(a)
(1) This section applies to:
- (i) insurers and nonprofit health service plans that provide coverage for prescription drugs and devices to individuals or groups under health insurance policies or contracts that are delivered in the State; and
- (ii) health maintenance organizations that provide coverage for prescription drugs and devices to individuals or groups under contracts that are issued or delivered in the State.
- (2) An insurer, a nonprofit health service plan, or a health maintenance organization that provides coverage for prescription drugs and devices through a pharmacy benefits manager is subject to the requirements of this section.
- (b) An entity subject to this section shall limit the amount a covered individual is required to pay in copayments or coinsurance for a covered prescription insulin drug to not more than $30 for a 30-day supply, regardless of the amount or type of insulin needed to fill the covered individual's prescription.
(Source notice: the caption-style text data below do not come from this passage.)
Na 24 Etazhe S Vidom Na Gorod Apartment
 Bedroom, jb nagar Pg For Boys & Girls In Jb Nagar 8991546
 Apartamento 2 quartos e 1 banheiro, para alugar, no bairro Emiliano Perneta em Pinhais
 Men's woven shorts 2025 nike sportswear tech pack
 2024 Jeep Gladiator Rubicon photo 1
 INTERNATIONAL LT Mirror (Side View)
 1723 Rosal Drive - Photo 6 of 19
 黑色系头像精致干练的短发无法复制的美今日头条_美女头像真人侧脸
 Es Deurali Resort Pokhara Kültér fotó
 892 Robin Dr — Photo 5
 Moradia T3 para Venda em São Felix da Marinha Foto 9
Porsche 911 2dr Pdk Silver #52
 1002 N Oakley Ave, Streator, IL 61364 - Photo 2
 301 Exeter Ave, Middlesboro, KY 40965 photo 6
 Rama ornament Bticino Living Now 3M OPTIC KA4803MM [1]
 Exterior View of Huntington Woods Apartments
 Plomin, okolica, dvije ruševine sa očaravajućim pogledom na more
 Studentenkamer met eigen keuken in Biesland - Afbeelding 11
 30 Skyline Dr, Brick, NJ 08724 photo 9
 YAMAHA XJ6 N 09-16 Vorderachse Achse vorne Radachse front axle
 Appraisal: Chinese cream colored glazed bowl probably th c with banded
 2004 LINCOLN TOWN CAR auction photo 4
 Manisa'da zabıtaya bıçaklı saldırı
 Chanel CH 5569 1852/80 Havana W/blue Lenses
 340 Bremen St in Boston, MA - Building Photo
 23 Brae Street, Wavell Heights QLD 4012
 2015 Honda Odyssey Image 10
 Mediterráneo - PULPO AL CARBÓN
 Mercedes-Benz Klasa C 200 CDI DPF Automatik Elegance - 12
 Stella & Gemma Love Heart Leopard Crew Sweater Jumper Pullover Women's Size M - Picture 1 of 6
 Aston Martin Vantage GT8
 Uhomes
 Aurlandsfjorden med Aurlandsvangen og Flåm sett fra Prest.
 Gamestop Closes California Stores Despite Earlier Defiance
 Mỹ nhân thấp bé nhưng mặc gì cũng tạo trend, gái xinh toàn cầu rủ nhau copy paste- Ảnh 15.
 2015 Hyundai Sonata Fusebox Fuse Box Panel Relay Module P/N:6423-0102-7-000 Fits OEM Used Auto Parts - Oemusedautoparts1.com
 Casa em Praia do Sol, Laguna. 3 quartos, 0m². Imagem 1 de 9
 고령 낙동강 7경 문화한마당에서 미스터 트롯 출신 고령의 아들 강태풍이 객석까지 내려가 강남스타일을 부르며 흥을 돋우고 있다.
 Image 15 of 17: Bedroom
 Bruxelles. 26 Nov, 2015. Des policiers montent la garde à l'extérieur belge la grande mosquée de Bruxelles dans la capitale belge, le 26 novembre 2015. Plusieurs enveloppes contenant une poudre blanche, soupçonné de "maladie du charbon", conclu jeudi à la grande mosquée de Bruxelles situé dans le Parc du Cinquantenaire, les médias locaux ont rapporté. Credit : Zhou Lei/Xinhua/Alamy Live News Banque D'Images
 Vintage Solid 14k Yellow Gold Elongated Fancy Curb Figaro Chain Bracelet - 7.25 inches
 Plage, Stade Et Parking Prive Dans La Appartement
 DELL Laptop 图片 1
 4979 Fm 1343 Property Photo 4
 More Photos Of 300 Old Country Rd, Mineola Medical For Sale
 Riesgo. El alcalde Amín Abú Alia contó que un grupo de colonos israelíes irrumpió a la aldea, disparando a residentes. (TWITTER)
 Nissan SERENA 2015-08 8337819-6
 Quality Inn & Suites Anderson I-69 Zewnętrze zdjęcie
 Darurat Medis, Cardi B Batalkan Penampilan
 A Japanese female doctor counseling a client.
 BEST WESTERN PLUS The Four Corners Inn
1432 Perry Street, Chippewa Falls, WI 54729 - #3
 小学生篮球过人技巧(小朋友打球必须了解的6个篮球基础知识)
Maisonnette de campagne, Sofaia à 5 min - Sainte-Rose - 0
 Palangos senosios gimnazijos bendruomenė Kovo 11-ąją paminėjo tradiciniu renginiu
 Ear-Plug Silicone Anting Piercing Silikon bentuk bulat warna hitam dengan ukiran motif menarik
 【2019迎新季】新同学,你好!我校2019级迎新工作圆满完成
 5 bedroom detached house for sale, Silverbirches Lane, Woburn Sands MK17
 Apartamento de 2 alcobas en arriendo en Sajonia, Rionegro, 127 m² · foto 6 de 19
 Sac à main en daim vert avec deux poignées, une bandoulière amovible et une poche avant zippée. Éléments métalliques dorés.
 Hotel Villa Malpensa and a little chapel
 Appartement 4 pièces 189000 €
- (c) An entity subject to this section may set the amount a covered individual is required to pay to an amount that is less than the payment amount limit under subsection (b) of this section.
(d) A contract between an entity subject to this section, or a pharmacy benefits manager through which the entity provides coverage for prescription drugs and devices, and a pharmacy or the pharmacy's contracting agent, may not:
- (1) authorize a party to the contract to charge a covered individual an amount that is more than the payment amount limit under subsection (b) of this section;
- (2) require a pharmacy to collect from a covered individual an amount that is more than the payment amount limit under subsection (b) of this section; or
- (3) require a covered individual to pay an amount that is more than the payment amount limit under subsection (b) of this section.
Added by Acts 2022, c. 405, § 1, eff. Jan. 1, 2023.